The Good: She plays independently very well. Most of the time. She will actually let me take a short nap on the couch while she reads books and plays quietly on the floor in front of me. (I KNOW, it’s a miracle!)
The Good: The girl is hilarious! Just a second ago she was singing a song and waving her sippy cup over her head like she was at a sing-along in a bar holding a can of beer. She has such a good sense of humor and we laugh at each other all day long. In the time it’s taken me to write this paragraph, she’s made me laugh about four times by just saying silly things and making faces.

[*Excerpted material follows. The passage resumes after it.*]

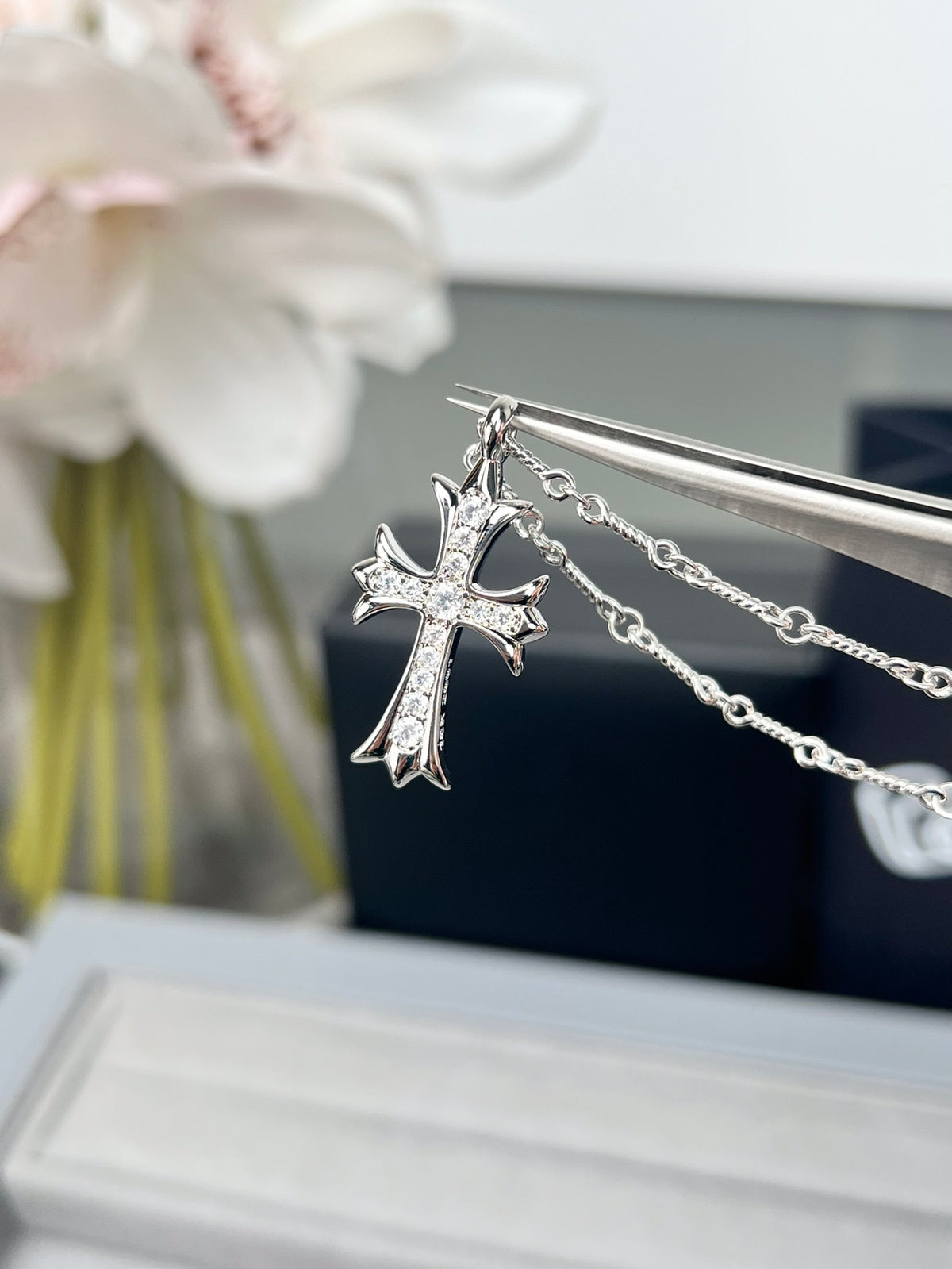Signature Emblem Pendant Necklace in Polished Metal-Tone – Design 057 side detail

The Good: She’s very social and interactive with her environment. She LOVES her friends (even though she’s still a little too young to play with them much) and she loves going new places and experiencing new things. A bit of a challenge for me to keep-up with sometimes, but it’s fun that she’s so open and excited about the world.
The Good: She’s not scared when I leave the room anymore. If I go to the bathroom I just tell her where I’m going and she’ll usually just keep doing what she’s doing. For most of her first year she’d just scream uncontrollably if I walked more than four feet away from her, so I mostly just hauled her to the bathroom and everywhere else with me. Such freedom, to be able to pee in peace!!!!
The Good: Even though she still has her incredibly frustrating moments that make me want to pull my hair-out, instead of just being a baby blob who lies there and doesn’t do much, she makes it up by being incredibly sweet and engaging afterward. She’s starting to learn how to say, “I love you, ” by going “Loooove!” In the past few days she’s said it several times spontaneously to Clay, and it’s just the sweetest thing. To me, the level of engagement and closeness that this age provides makes her hard times more easily forgotten.
OK, so those are just a few things off the top of my head. For us, the good majorly outweighs the bad at this age. I miss her being a baby, and it makes me sad that she won’t ever be that small again, but I enjoy her much more now. So now that we’ve come this far, we’re about to start from square one again with a new baby. FUN. Don’t get me wrong, I actually love babies and quite prefer them to older children. I’ve never met a baby I didn’t like while kids tend to get on my nerves unless I know them personally. And I know that this next baby might have a completely different temperament with different habits, and that’s a good thing. But I’m sure I won’t get to have such nice long showers like I do now or drink coffee while checking my email in the mornings while Evelyne happily eats breakfast and watches Elmo. And I’m guessing that I’ll be worried that Evelyne will “love” the baby a little too much while I’m out of the room, so I probably won’t be peeing by myself for awhile. Sigh. It’s like we finally get to this happy place and it’s time to shake things up again.
Oh well, at least I’ll get to snuggle with another precious sweet-smelling baby and enjoy the baby stage since I can see how very quickly it passes.
***We have an appointment for an ultrasound tomorrow morning!!!!! Pray that this baby keeps its leg wide open so we can find-out the gender!!!!